Give the entries again, precisely as they were written.

** Data follows **

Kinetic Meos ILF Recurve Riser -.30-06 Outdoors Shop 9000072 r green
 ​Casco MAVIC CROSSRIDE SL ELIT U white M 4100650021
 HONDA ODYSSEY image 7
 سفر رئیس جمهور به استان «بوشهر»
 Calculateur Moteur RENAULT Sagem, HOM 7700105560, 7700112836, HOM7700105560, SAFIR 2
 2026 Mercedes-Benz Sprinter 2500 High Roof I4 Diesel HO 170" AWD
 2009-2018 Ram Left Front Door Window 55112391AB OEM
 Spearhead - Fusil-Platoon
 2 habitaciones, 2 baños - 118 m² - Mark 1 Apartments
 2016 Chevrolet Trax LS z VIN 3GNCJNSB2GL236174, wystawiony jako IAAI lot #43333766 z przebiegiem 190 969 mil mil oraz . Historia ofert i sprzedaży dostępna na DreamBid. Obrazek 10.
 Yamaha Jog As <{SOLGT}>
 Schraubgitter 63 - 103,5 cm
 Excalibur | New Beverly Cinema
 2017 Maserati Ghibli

** End of Data **

Answer for this exercise =
Kinetic Meos ILF Recurve Riser -.30-06 Outdoors Shop 9000072 r green
 ​Casco MAVIC CROSSRIDE SL ELIT U white M 4100650021
 HONDA ODYSSEY image 7
 سفر رئیس جمهور به استان «بوشهر»
 Calculateur Moteur RENAULT Sagem, HOM 7700105560, 7700112836, HOM7700105560, SAFIR 2
 2026 Mercedes-Benz Sprinter 2500 High Roof I4 Diesel HO 170" AWD
 2009-2018 Ram Left Front Door Window 55112391AB OEM
 Spearhead - Fusil-Platoon
 2 habitaciones, 2 baños - 118 m² - Mark 1 Apartments
 2016 Chevrolet Trax LS z VIN 3GNCJNSB2GL236174, wystawiony jako IAAI lot #43333766 z przebiegiem 190 969 mil mil oraz . Historia ofert i sprzedaży dostępna na DreamBid. Obrazek 10.
 Yamaha Jog As <{SOLGT}>
 Schraubgitter 63 - 103,5 cm
 Excalibur | New Beverly Cinema
 2017 Maserati Ghibli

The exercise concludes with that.